Aquella noche, a las diez menos diez, Brunetti bajó por la escalera de la estación de Mestre y torció hacia la izquierda. Sabía dónde estaba la Via Fagare, porque la había localizado en el plano que estaba impreso en la cubierta de la guía telefónica de Venecia. Delante de la estación había la acostumbrada aglomeración de coches mal aparcados y en ambas direcciones circulaba un tráfico fluido. Cruzó la calzada y siguió hacia la izquierda. En la segunda travesía dobló a la derecha, en dirección al centro. A uno y otro lado bordeaban la calle los cierres metálicos de las tiendas, bajados ahora como rastrillos de una fortaleza, contra posibles invasiones nocturnas.

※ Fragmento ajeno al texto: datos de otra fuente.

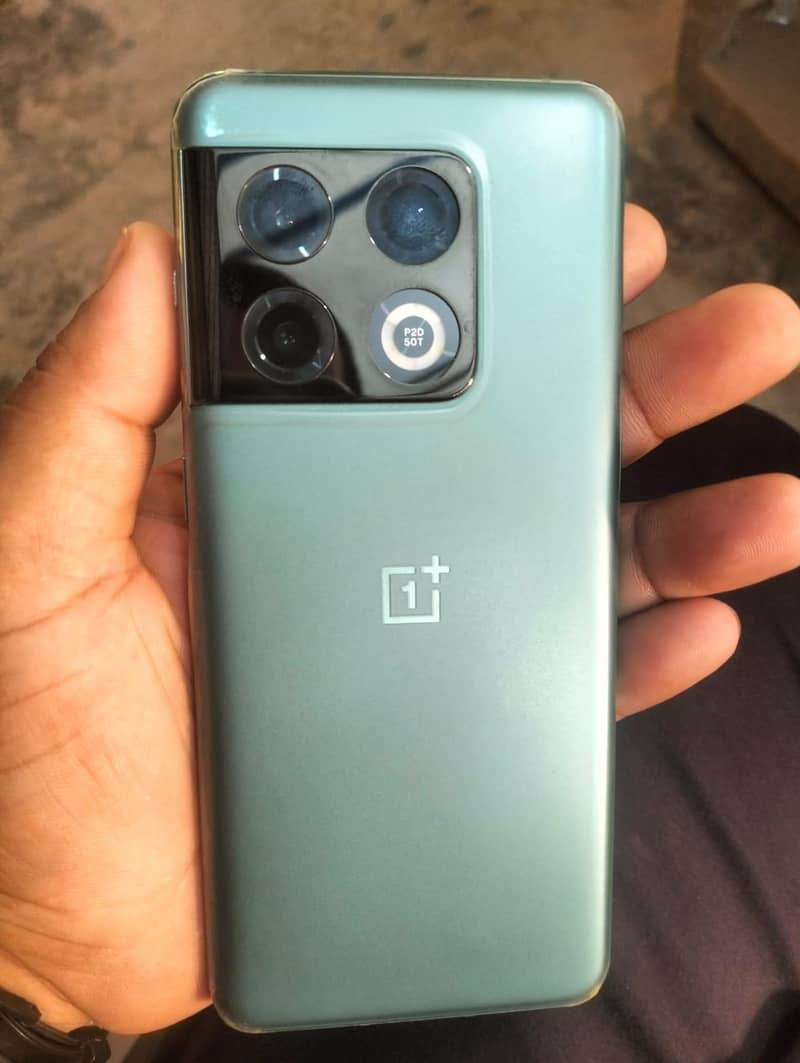 One Plus 10 Pro 4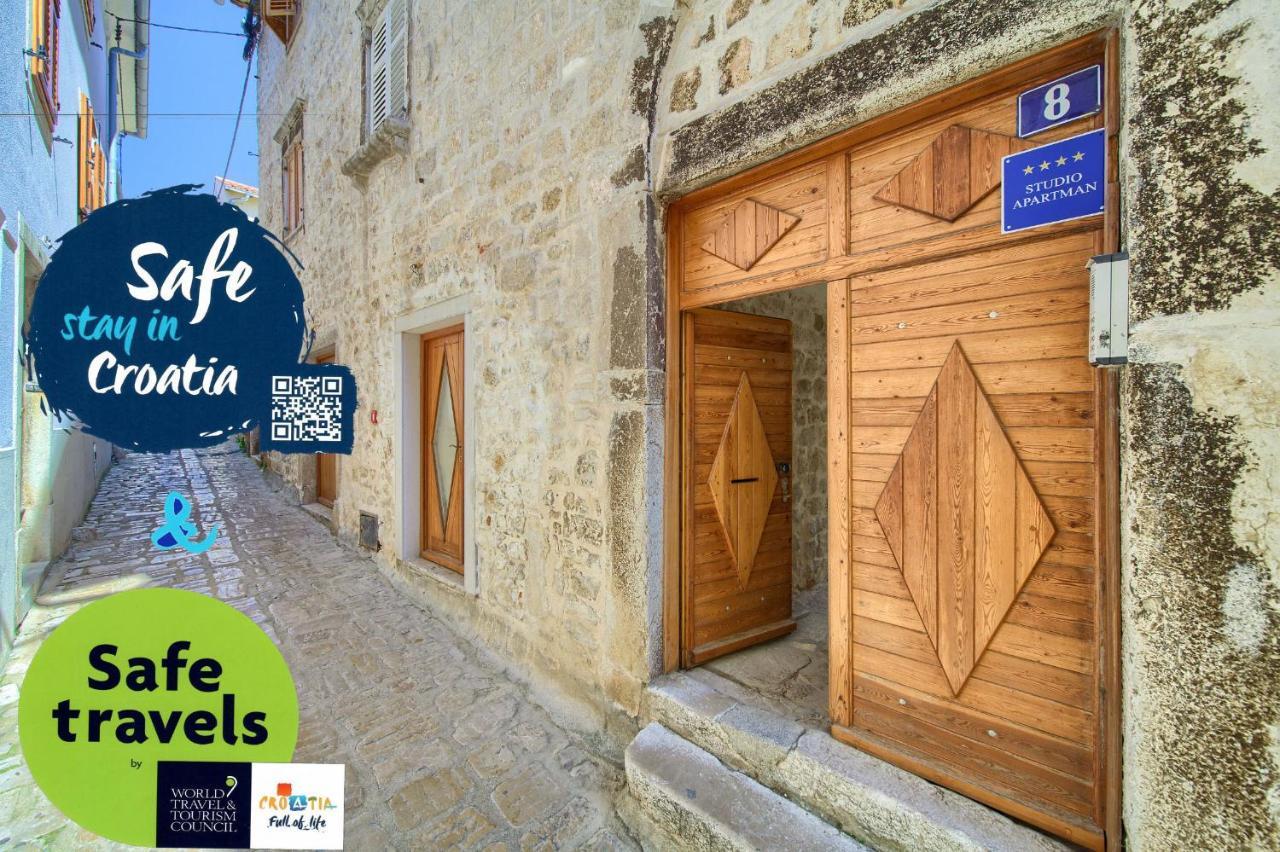 Ferienwohnung Hrast Krk Town Exterior foto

De vez en cuando, una ráfaga de viento agitaba hojas secas y papeles que perezosamente se levantaban a su paso en lentos remolinos. El fragor del tráfico, al que no estaba habituado, lo aturdía, como siempre que salía de Venecia. Todo el mundo se queja del clima de Venecia, húmedo e inclemente, pero para Brunetti era mucho peor el bronco ruido del tráfico, y el olor de los gases que salían por los tubos de escape, y se admiraba de que la gente se resignara a vivir entre coches y los aceptara como parte integrante de la vida cotidiana. A pesar de todo, cada año eran más los venecianos que se mudaban a Mestre, obligados a abandonar su ciudad por el descenso de la actividad económica y las fuertes subidas de los alquileres. Él era consciente de las circunstancias, comprendía las razones que impulsaban a la gente a marchar, pero, ¿cambiar Venecia por esto? No les arrendaba la ganancia.

Al cabo de unos minutos distinguió al extremo de la manzana un rótulo de neón vertical que descendía desde la azotea del edificio hasta el entresuelo, en el que se leía B-IN-TA. Brunetti entró en el bar por el hueco que dejaba la puerta entreabierta, sin sacar las manos de los bolsillos de la gabardina, ladeando el cuerpo para no tener que empujar.

Se adivinaba que el dueño había visto muchas películas americanas, porque el local quería parecerse a los bares en los que se contoneaba Victor Mature. El gran espejo que cubría la pared de detrás del mostrador estaba tan empañado por el polvo y el humo que no reflejaba sino imágenes borrosas. En lugar de las múltiples hileras de botellas que suele haber en los bares italianos, en éste había una sola, y de bourbon y escocés exclusivamente. Y el mostrador no era la clásica barra con la consabida cafetera para los espressos sino que tenía forma de herradura. Lo atendía un hombre con un delantal que quizá había sido blanco, ceñido a la cintura.